И звуку копий и щитов,
Казалось, сами удивились;
Но мщенье: царь в душах людей, —
И удивления сильней.
Была ужасна эта встреча,
Подобно встрече двух громов
В грозу меж дымных облаков;
С успехом ровным длилась сеча,
И все теснилось; кровь рекой
Лилась везде, мечи блистали,
Как тени знамена блуждали
Над каждой темною толпой,
И с криком смерти роковой
На трупы трупы упадали;
Но отступает наконец
Одна толпа... и побежденный
Уж не противится боец,
И по траве окровавленной
Скользит испуганный беглец.
(Т. III, стр. 156.)
Описанный бой произошел где-то в Индостане, но в представленной картине не отыскивается ни одного признака не только Индостана, но просто южной страны. Поэт настолько далек от какой-либо конкретности, что сражающихся он просто делит на «толпы», не заботясь подыскать для воинских делений какой-нибудь более подходящий термин: отряд, полк, конница и т. д. Противник ничем не отделен от противника: нет ни единой черты (национальной, военной и т. д.), которая обособляла бы одно сражающееся войско от другого.
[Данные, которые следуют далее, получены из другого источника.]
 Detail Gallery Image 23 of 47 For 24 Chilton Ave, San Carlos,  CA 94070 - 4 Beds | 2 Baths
Лермонтов создает общеромантическую батальную картину и озабочен лишь накоплением в ней внешних эффектов военного драматизма: солнце «кровавым блеском» озаряет «доспехи ратные бойцов», «кровь рекой лилась везде», «с криком смерти роковой на трупы трупы упадали» и т. д.
Эта безо́бразная, бескрасочная, но шумная романтическая баталия нужна поэту лишь для того, чтоб доказать свой романтико-философический тезис: падший человек оскверняет невинность природы:
Зачем в долине сокровенной
От миртов дышит аромат! —
Зачем? — властители вселенной,
Природу люди осквернят.
(Там же, стр. 155.)
В других поэмах, как «Измаил-Бей», «Боярин Орша», сцена боя не внушена поэту его философской идеей, наоборот, она продиктована самым развитием сюжета, и тем не менее она почти так же лишена конкретных черт — исторических, географических, этнографических и т. д.
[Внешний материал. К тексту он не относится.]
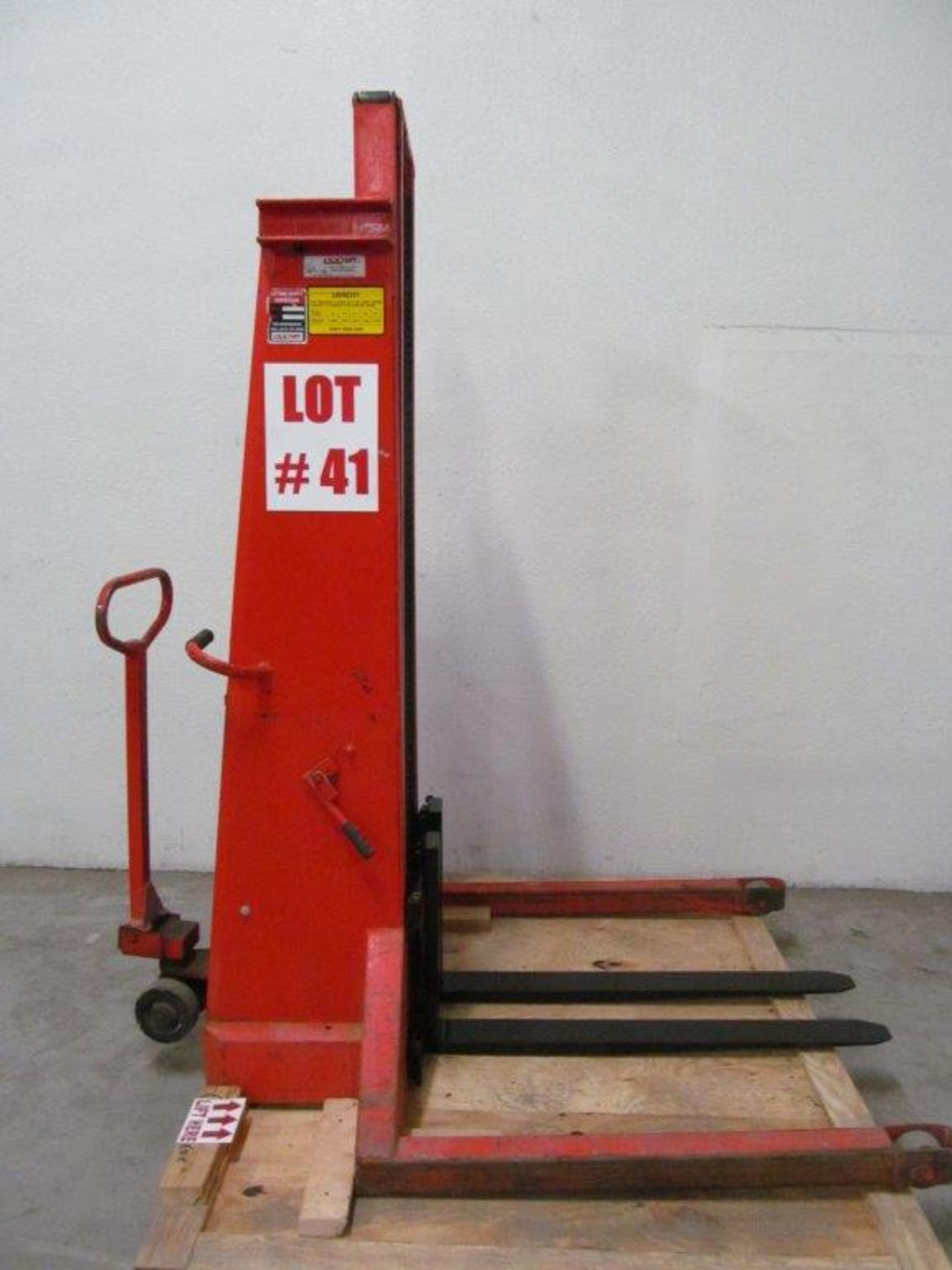 MAHAFFY MATERIALS HANDLING LTD., HYDRAULIC LIFT, MODEL TPA 120, 1500LB CAPACITY, LOCATION, - Image 2 of 5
Вчитаемся в описание затихшего боя в «Боярине Орше» — поэме, переходной с романтического на реалистический путь (1835—1836):
Тут бой ужасный закипел,
Тут и затих. Громада тел,
Обезображенных мечом,
Пестрела на кургане том,
И снег, окрашенный в крови,
Кой-где протаял до земли;
Кора на дубе вековом
Была изрублена кругом,
И кровь на ней видна была,
Как будто бы она текла
Из глубины сих новых ран.......
(Т. III, стр. 304.)
Действие поэмы «Боярин Орша» происходит в точно определенную эпоху — конец XVI в., в не менее определенном месте: на русско-литовском рубеже. Но если судить о месте и времени действия поэмы по приведенному отрывку, можно вывести только одно заключение: битва происходила зимою, и сражение шло в рукопашную: никакой исторической приметы нет у этой битвы. Поэта, как в «Ангеле смерти», увлекает лишь одна задача: показать жестокость и кровавость сечи. Он делает это в обычных романтических пропорциях, повторяя приемы «Ангела смерти». Там «на трупы трупы упадали» и
Из мертвых тел
Вокруг него (героя поэмы) была ограда.
Здесь:
Громада тел,
Обезображенных мечом,
Пестрела на кургане том.
Там:
Кровь рекой лилась везде.
Здесь:
...снег, окрашенный в крови,
Кой-где протаял до земли.
Но и этого показалось мало поэту, ищущему предельной романтической напряженности в изображении битвы: изранен в сечи оказался даже старый дуб — по его коре, как из бесчисленных ран, стекала кровь.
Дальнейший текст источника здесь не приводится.